I need a lot of practice or something. I've signed up for a number of days in a row, hoping consistency might help. Mike says he has time to do that. He started out today by saying we need to do something to get these sequences and concepts and answers down, if it means trying to do a different style of learning or whatever. That's pretty direct.
Along with rehashing today's maneuvers, my thoughts keep spinning off into teaching & learning.
I trust (with Mike's assurance) that I will learn to fly, and I actually expect that I will learn to do it very well. There's a possibility that I won't, but it's not the most likely. Is it going to take me longer than an 18-year-old kid?
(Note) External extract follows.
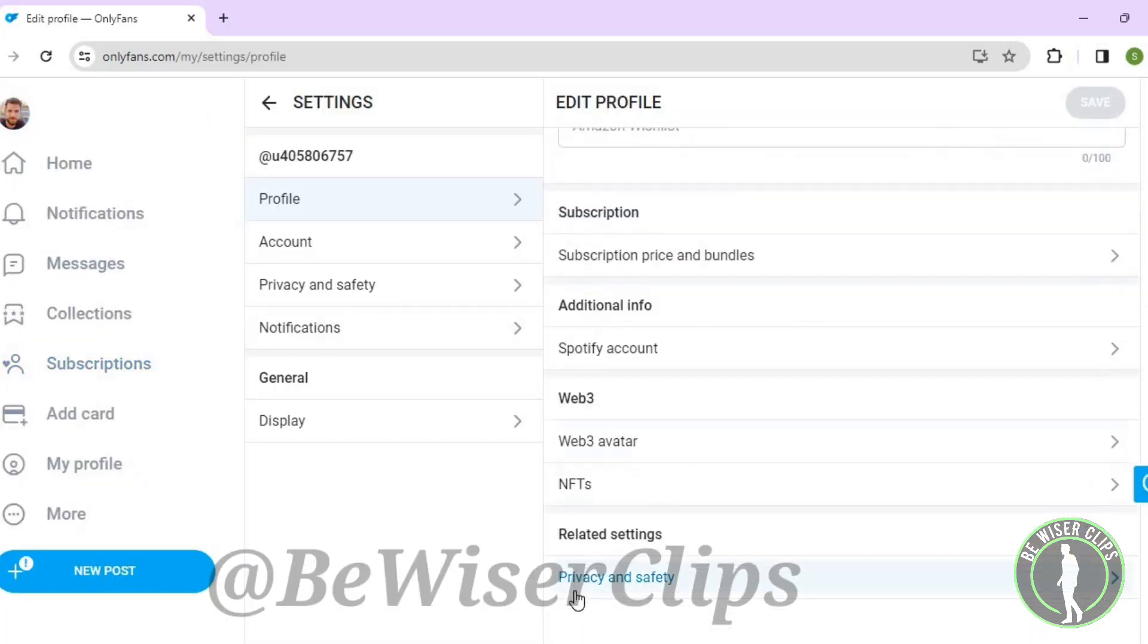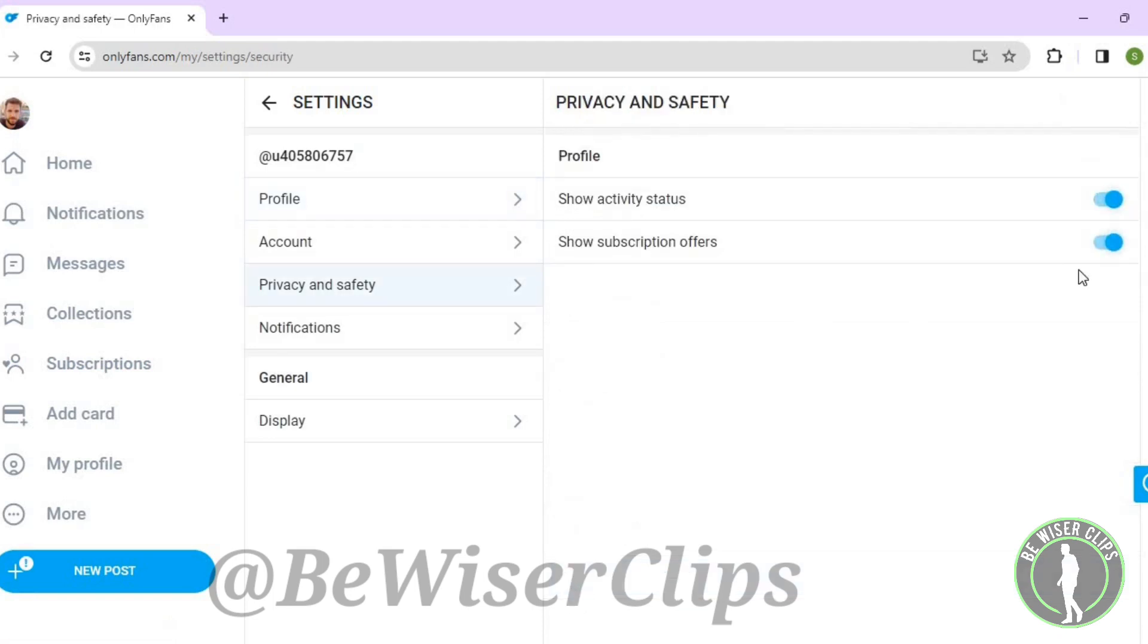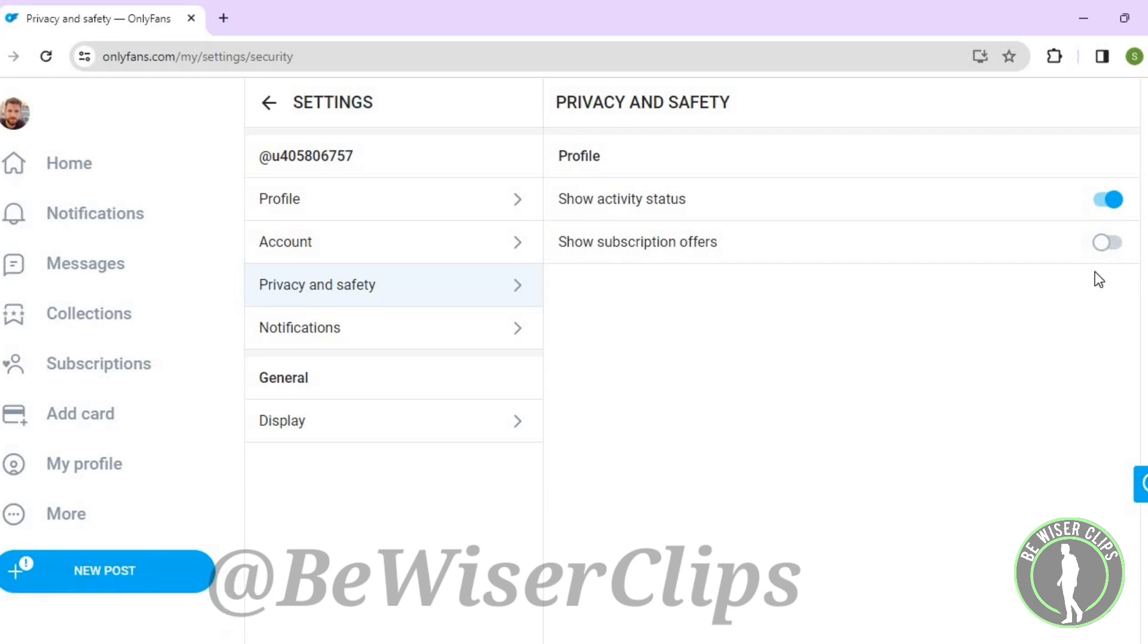Select Privacy and Safety, then select the second option below. That's how you can successfully turn off show subscription offers on OnlyFans. That's it!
Probably.
The experience is making me a heckuva lot better teacher. Part of it is just the awareness that comes of being on the receiving end. Another part is being with a good teacher. Teachers spend entirely too much on their own. How often do we get to soak up another's expertise and technique? Piano lessons and choir are benefitting from this.
Mike's got a name for what he does, "progressive (something)", and he just keeps taking you thru things, talking all the time, showing, explaining, doing the part of that needs to be done from his side of the plane, while expecting that you will take over more and more of it all. (Remember the comparison of taking someone on the interstate to teach them how to stop a car? How else could it be done?)
There's never anything personally negative in any of the interaction. Things are right, or they are not right, or they are noticed or not noticed, but I don't hear irritation or frustration in Mike's voice. His constancy really helps me keep from being blocked by frustration and helps me just refocus or go for the mental reach or whatever it is, because I do not like being inept. Not at all.
Still, today he was pretty direct. ..."You HAVE TO be able to move fast, multitask, keep flying the plane, hold your altitude, get these directions, finish the job." "We just went thru the ground." "Don't touch that!," etc. etc.
I'm noticing:
Mimetic cognition --
procedural knowledge--maneuvers & routines
the everpresent checklists lists (a mimetic version of knowledge encoding)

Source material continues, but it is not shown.